Seward Johnson's rendition of American Gothic

Seward Johnson’s rendition of American Gothic

I’m sure many of you know of the painting American Gothic. Well, for those that may not know of the painting or just need their memory jogged- American Gothic was originally painted by Grant Wood. The painting depicts a farmer husband and his wife, with the husband holding a pitchfork and the wife standing right next to him. The couple wears rather Gothic based clothing through dark red and gray undertones. The backdrop of the painting is a farm house, set behind the couple. Both the husband and wife are set with rather monotone, somber faces. American Gothic by Grant Wood is already on its own a captivating, and extremely dense piece.
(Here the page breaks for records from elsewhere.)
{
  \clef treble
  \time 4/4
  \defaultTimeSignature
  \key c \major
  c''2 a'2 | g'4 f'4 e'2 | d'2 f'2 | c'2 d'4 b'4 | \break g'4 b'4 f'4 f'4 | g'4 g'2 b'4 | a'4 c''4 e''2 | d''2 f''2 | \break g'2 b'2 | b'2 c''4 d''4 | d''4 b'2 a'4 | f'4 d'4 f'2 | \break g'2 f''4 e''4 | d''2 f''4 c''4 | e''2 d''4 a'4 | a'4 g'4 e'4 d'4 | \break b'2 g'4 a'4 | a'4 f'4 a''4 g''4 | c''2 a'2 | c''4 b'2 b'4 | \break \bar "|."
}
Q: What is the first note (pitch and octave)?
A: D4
Now, through the sculpting talents of Seward Johnson, he has taken American Gothic and made it larger than life! As I was walking through the museum I immediately noticed the gigantic sculpture of the farmer husband and his wife – as well as the farmhouse background. All of this was shaped and molded. Being that it is a sculpture, it stands as a 3-dimensional piece of art, with every detail holding such realistic aspects.
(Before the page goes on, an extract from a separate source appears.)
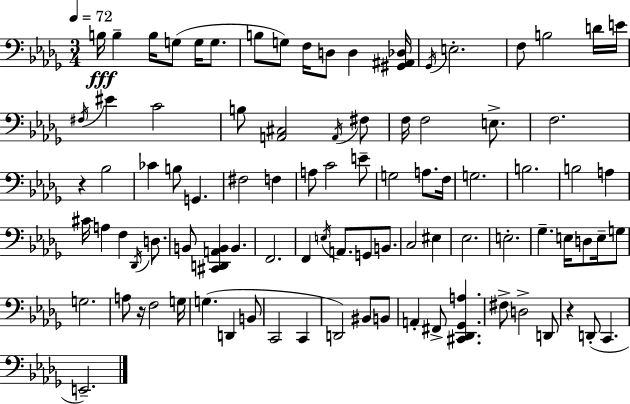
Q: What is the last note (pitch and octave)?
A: E2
Just look at it! Wondering how big it is? I can’t give you the exact size – but if you want to know how little you would be next to the painting, take a look at the suitcase next to the couple. You are even shorter than that suitcase. Yes, the farmer, the wife, and the house behind them quadruple in size next to you and probably your own house – towering over you, possible just as tall as some New York City buildings. Magnificent.

Seward Johnson’s interpretation of Henri Matisse’s “Dance”

Seward John's interpretation of Henri Matisse's "Dance"

Seward Johnson’s interpretation of Henri Matisse’s “Dance”

Henri Matisse had painted an amazing piece of artwork known as “Dance,” which depicts a young boy laying under a circle of dancing women – all holding hands and surrounding him as he lays in both relaxation and possibly awe.

Just like his interpretation of American Gothic, Seward Johnson takes the original painting of “Dance” and sculpts it into a giant, larger than life size creation. What makes both the American Gothic sculpture and the “Dance” sculpture so amazing is that not only are they larger sculpted versions of the original paintings, Seward Johnson takes it as far making sure even the backdrop of the sculptures match the backdrops within the painting. Just like the farmer and his wife having the house in the background in American Gothic; Dance also achieves the same background, with a nice bare outdoor area! Lovely.

Seward Johnson takes paintings and makes them bigger than ever before! If you ever want to take a look at these sculptures, be sure to make your way down to Grounds for Sculpture.